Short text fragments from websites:
────────

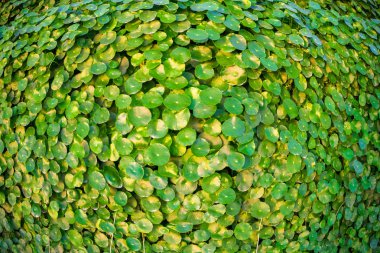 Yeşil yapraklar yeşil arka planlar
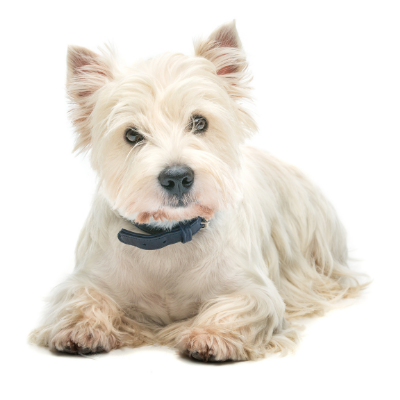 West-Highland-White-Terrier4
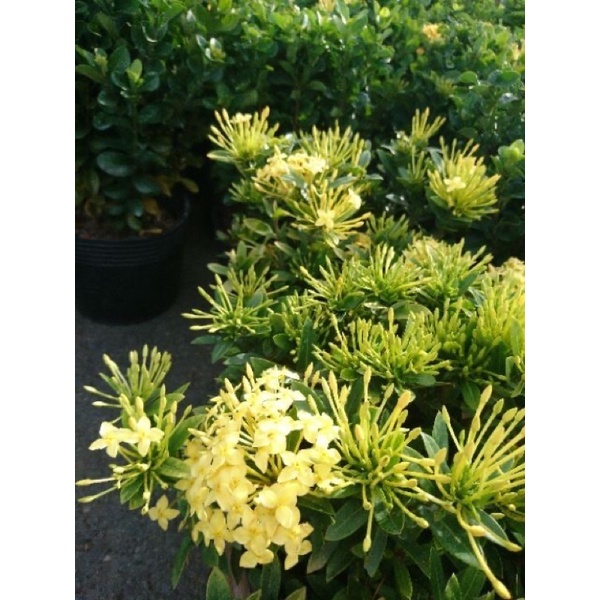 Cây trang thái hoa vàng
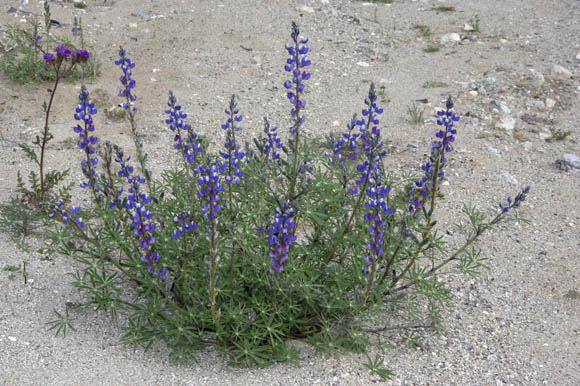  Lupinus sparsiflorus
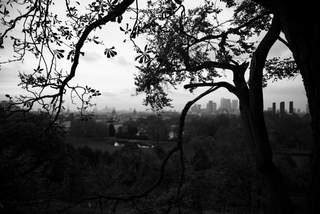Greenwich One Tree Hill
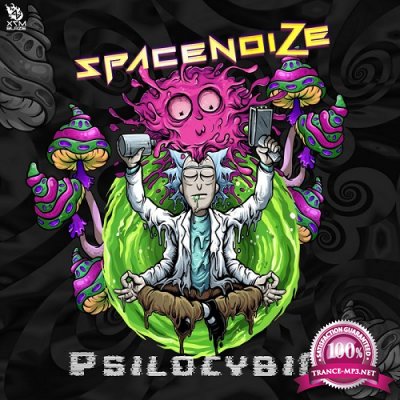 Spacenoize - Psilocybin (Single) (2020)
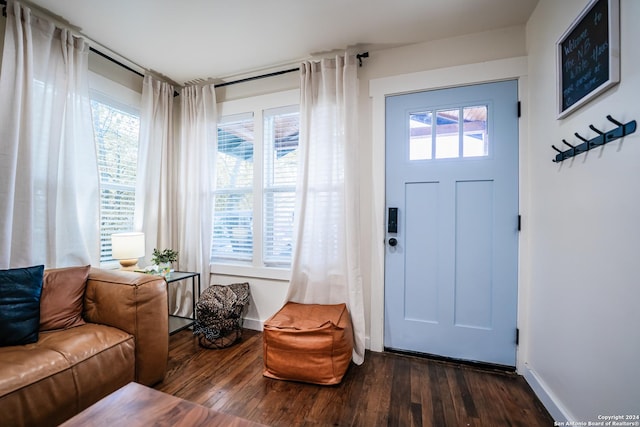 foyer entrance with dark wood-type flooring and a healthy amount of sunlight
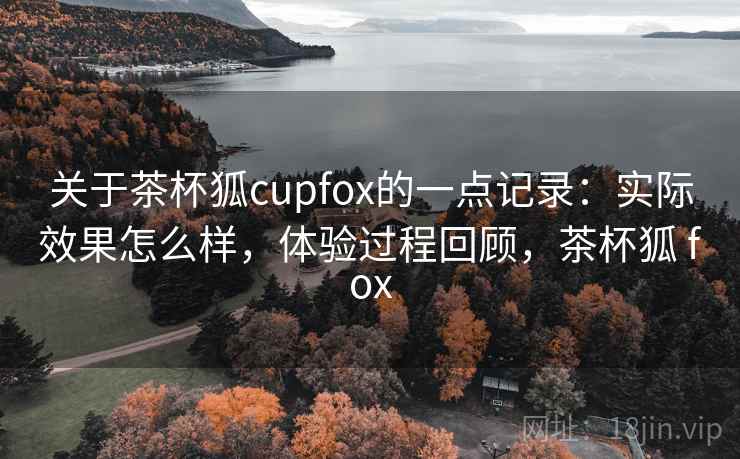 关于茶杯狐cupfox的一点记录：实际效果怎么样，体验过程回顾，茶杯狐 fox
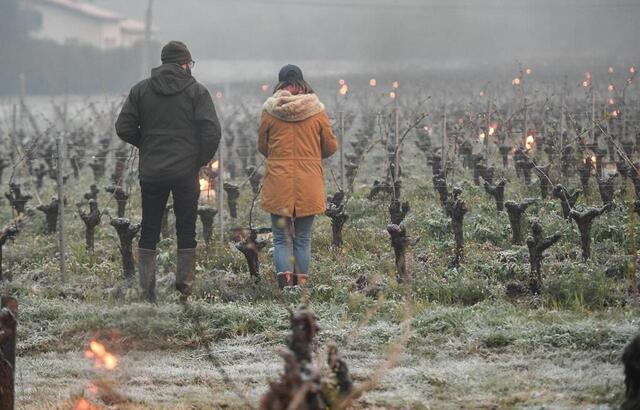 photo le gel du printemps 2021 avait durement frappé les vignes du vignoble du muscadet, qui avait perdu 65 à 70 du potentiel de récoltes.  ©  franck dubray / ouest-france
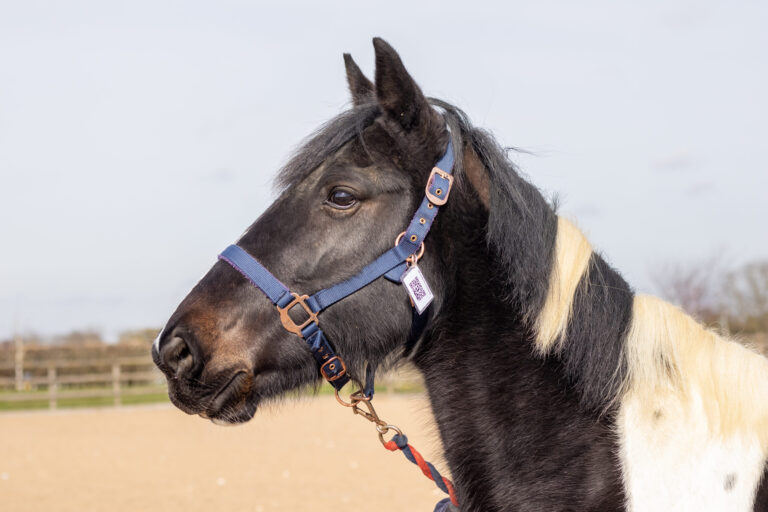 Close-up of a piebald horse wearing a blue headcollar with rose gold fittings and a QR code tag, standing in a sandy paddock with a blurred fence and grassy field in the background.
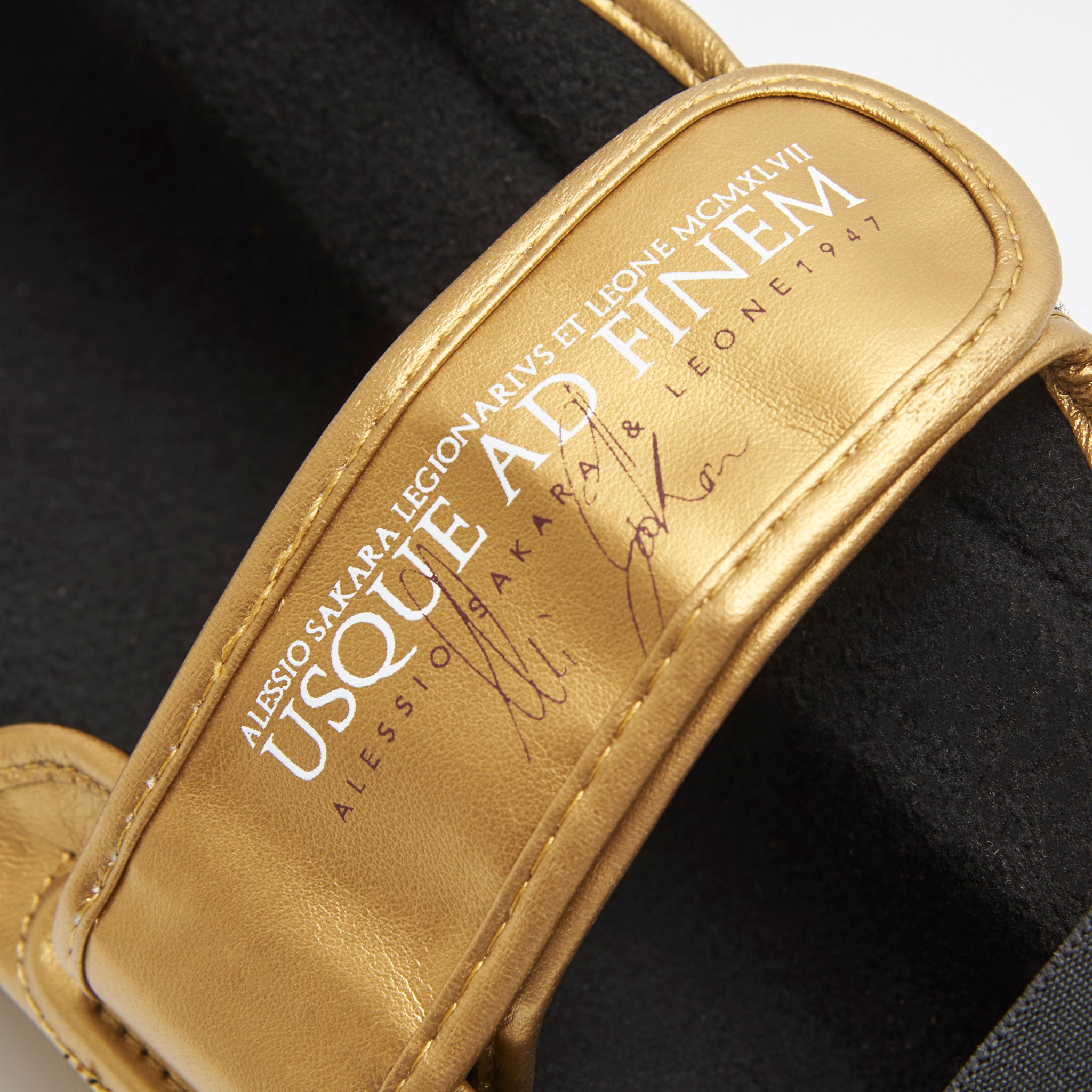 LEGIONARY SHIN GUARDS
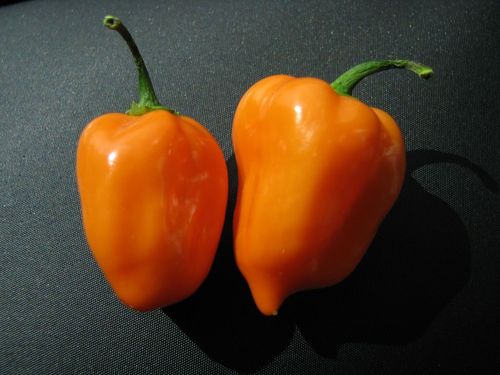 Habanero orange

────────

What to do:
Final stretch of the data: repeat exactly each line from the one containing "关于茶杯狐cupfox的一点记录：实际效果怎么样，体验过程回顾，茶杯狐 fox" through the last, and omit all pictures.

Exercise answer:
 关于茶杯狐cupfox的一点记录：实际效果怎么样，体验过程回顾，茶杯狐 fox
 photo le gel du printemps 2021 avait durement frappé les vignes du vignoble du muscadet, qui avait perdu 65 à 70 du potentiel de récoltes.  ©  franck dubray / ouest-france
 Close-up of a piebald horse wearing a blue headcollar with rose gold fittings and a QR code tag, standing in a sandy paddock with a blurred fence and grassy field in the background.
 LEGIONARY SHIN GUARDS
 Habanero orange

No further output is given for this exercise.